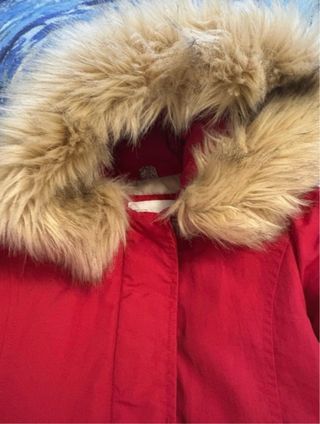 Piumino bambina rosso taglia XS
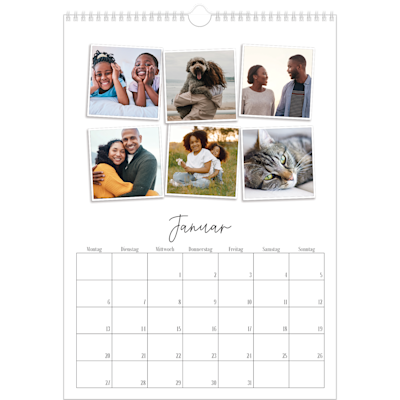 Beispiel für Seite 1, Wandkalender 2026, Option 10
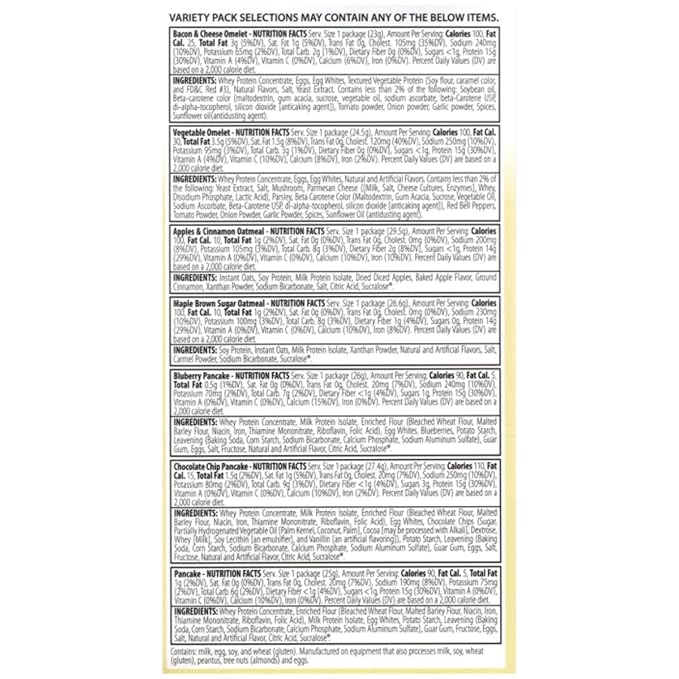 FITWISE - Desayuno Alto en Proteína, Omelets, Pancakes y Avena, Bajo en Calorías miniatura 2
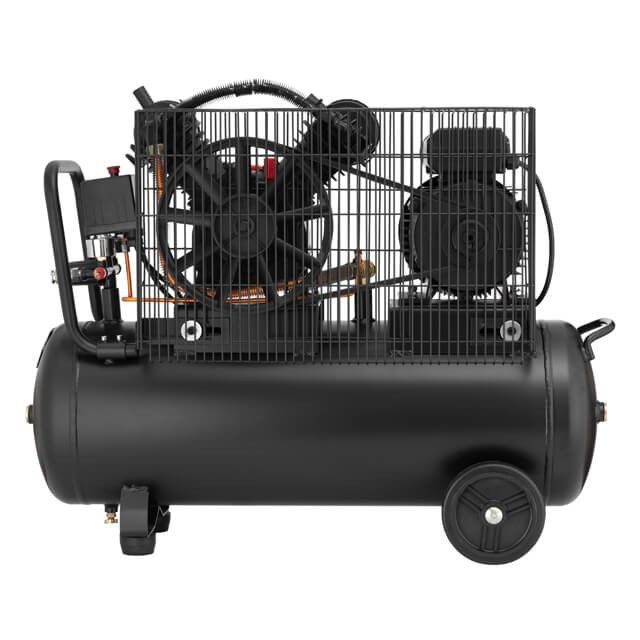 Компрессор STORM, 50 л, 3 кВт, 220 В, 10 атм, 500 л/мин, 2 цилиндра INTERTOOL PT-0016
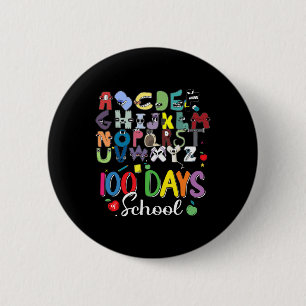100 Days of School Alphabet Lore Abc's School Cost 6 Cm Round Badge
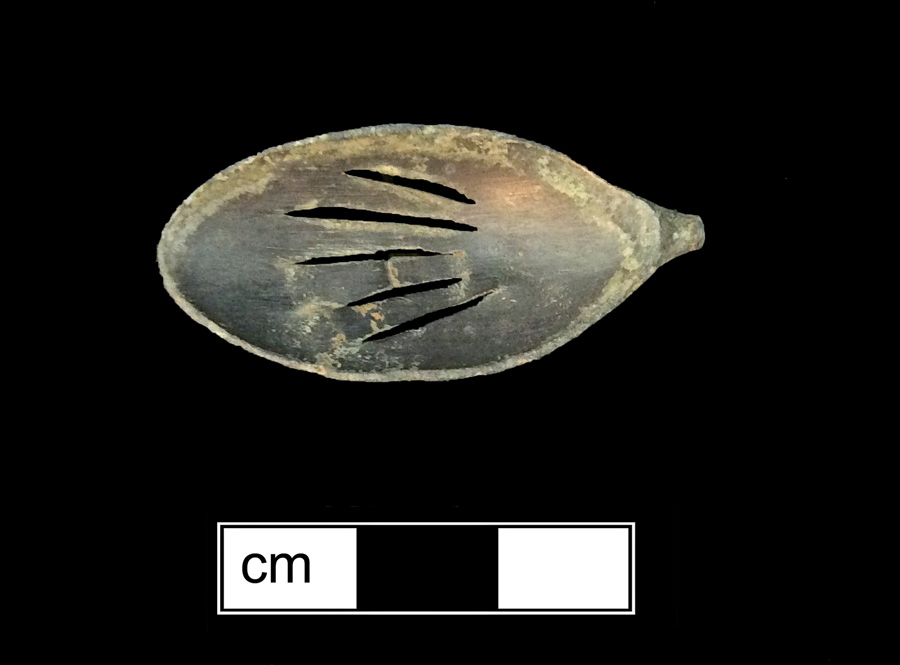 Image of copper alloy spoon, Mote spoon.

What is needed:
The reply should repeat the data in full, exactly as given, and contain no pictures.

Solution to this exercise:
 Piumino bambina rosso taglia XS
 Beispiel für Seite 1, Wandkalender 2026, Option 10
 FITWISE - Desayuno Alto en Proteína, Omelets, Pancakes y Avena, Bajo en Calorías miniatura 2
 Компрессор STORM, 50 л, 3 кВт, 220 В, 10 атм, 500 л/мин, 2 цилиндра INTERTOOL PT-0016
100 Days of School Alphabet Lore Abc's School Cost 6 Cm Round Badge
 Image of copper alloy spoon, Mote spoon.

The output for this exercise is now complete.